[Records for this task Boundary: Start]

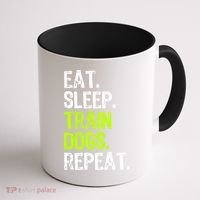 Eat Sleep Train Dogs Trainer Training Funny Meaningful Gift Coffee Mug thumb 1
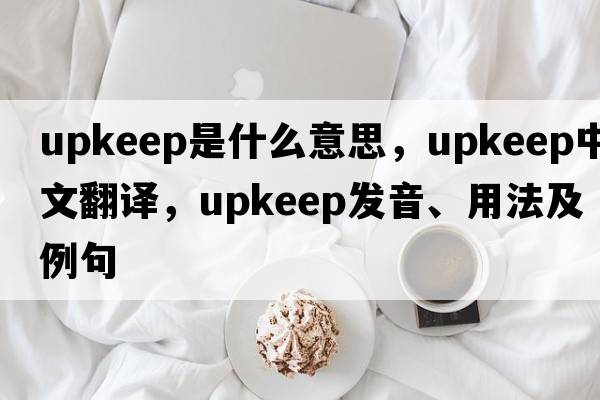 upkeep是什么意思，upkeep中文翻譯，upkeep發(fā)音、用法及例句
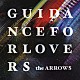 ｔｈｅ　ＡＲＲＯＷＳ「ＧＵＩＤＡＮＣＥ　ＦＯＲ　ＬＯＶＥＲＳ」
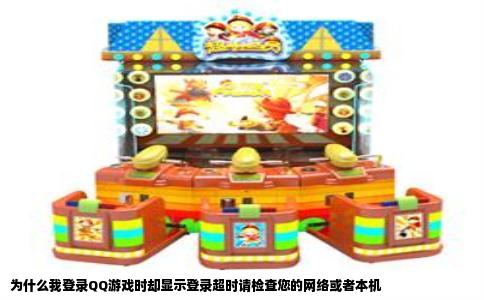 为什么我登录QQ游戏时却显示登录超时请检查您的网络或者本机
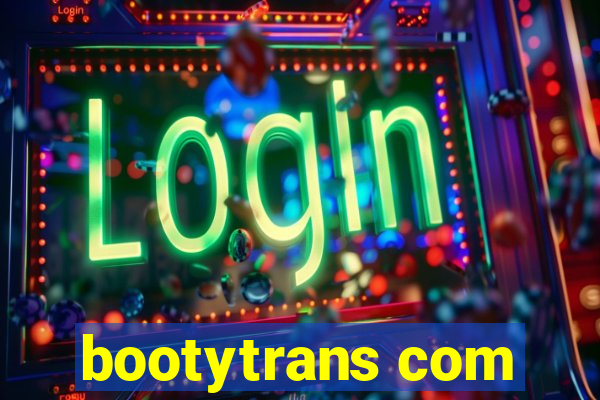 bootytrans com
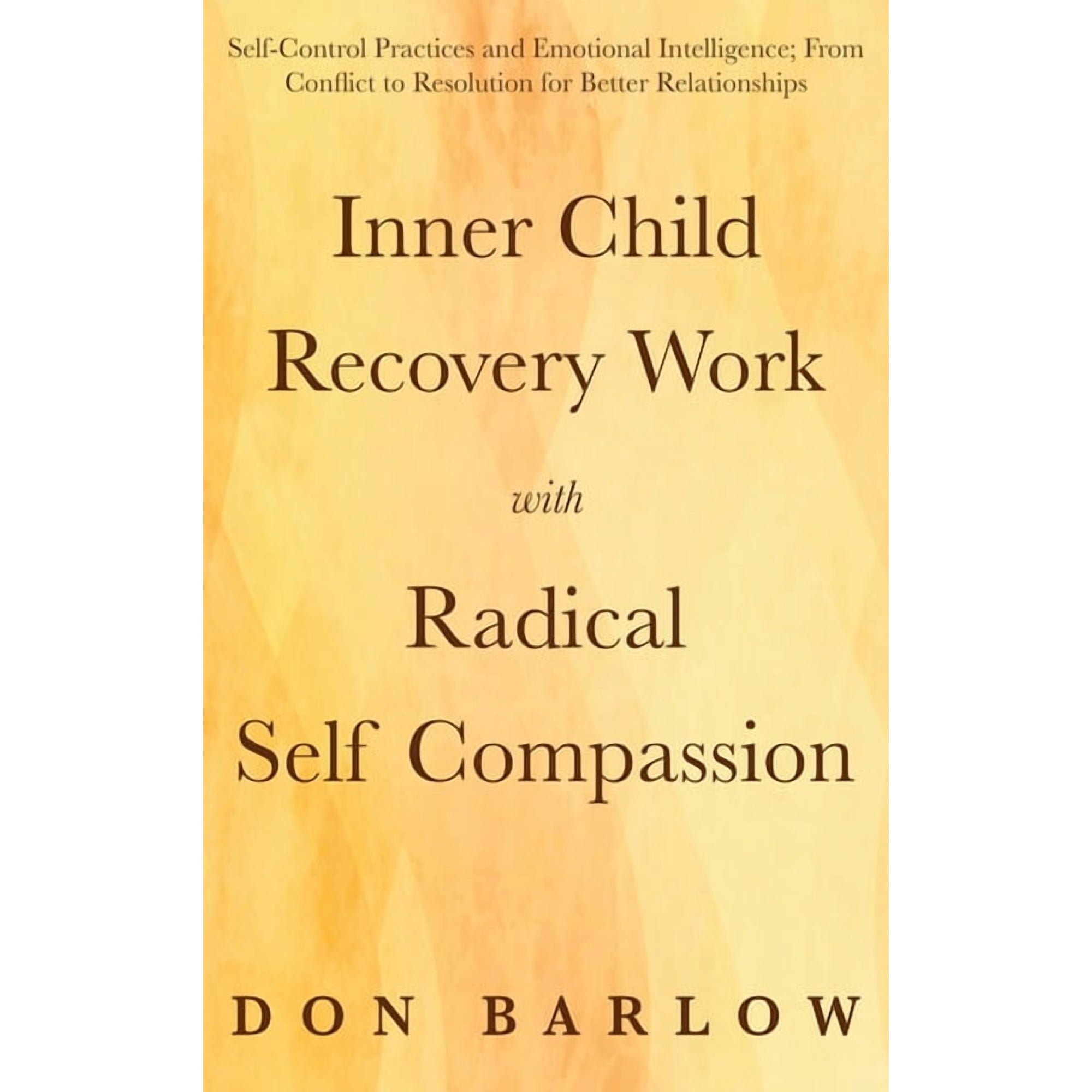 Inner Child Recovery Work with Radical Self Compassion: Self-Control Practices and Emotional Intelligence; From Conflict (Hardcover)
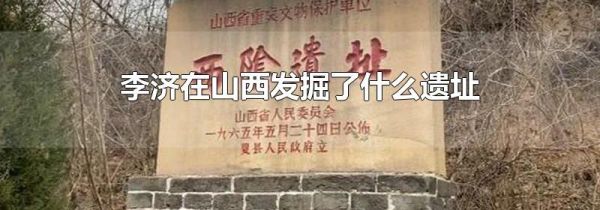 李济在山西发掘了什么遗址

[Records for this task Boundary: End]

Work item: Print, without pictures, exactly the lines from the one containing "Inner Child Recovery" through the final line of the records above.

Completed exercise:
 Inner Child Recovery Work with Radical Self Compassion: Self-Control Practices and Emotional Intelligence; From Conflict (Hardcover)
 李济在山西发掘了什么遗址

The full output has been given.